Data shown.
═══

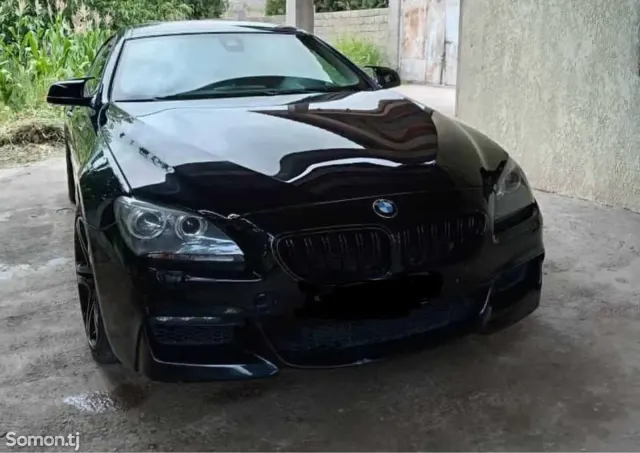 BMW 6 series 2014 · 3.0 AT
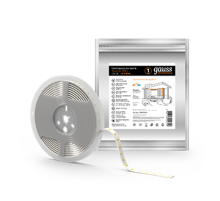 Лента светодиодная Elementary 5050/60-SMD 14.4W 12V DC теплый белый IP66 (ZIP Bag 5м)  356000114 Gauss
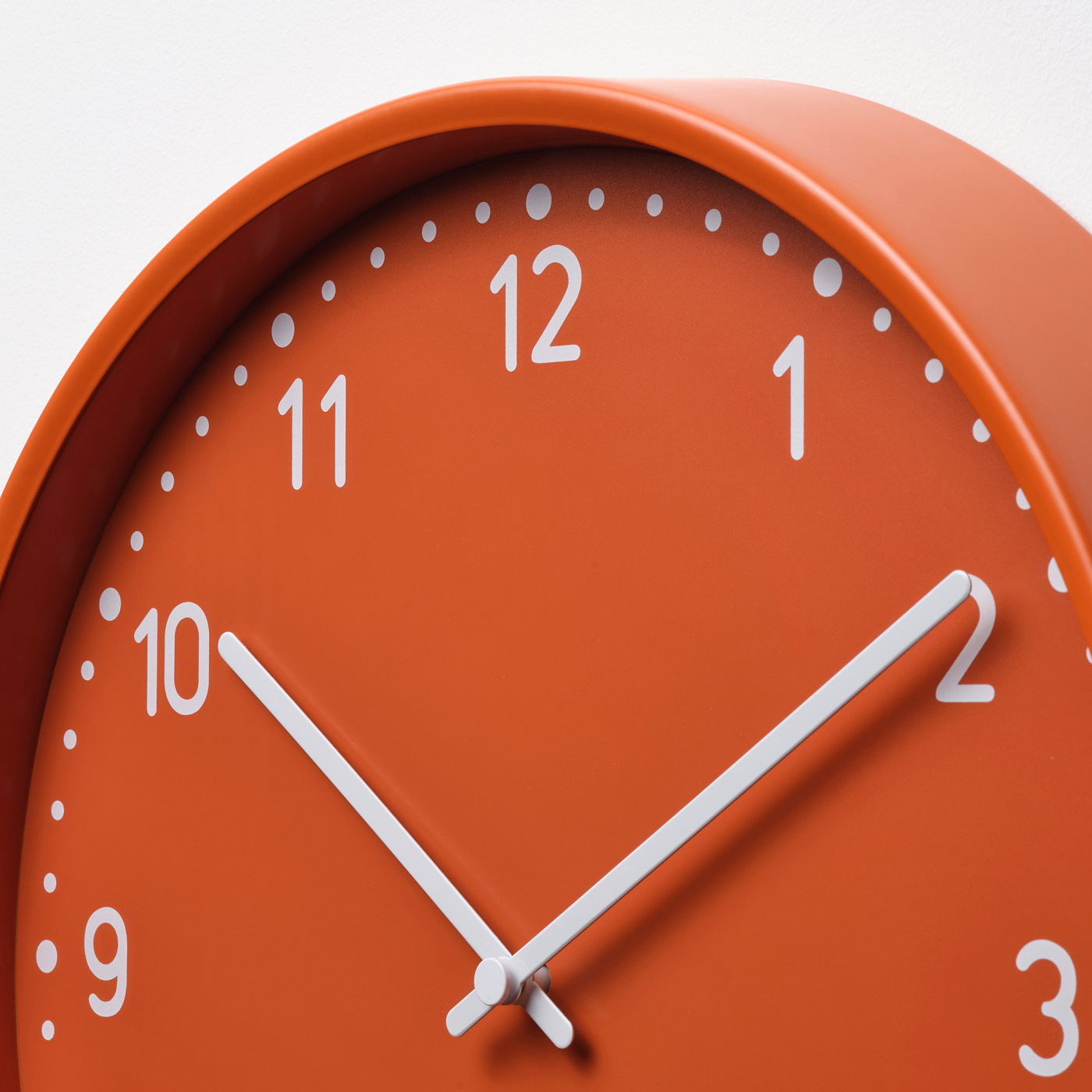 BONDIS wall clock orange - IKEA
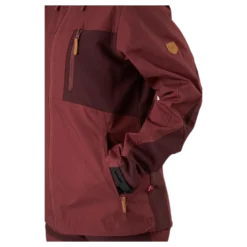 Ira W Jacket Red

═══

What this task involves.
Skipping all pictures, set the listing down exactly as written.

Final answer.
 BMW 6 series 2014 · 3.0 AT
 Лента светодиодная Elementary 5050/60-SMD 14.4W 12V DC теплый белый IP66 (ZIP Bag 5м)  356000114 Gauss
 BONDIS wall clock orange - IKEA
 Ira W Jacket Red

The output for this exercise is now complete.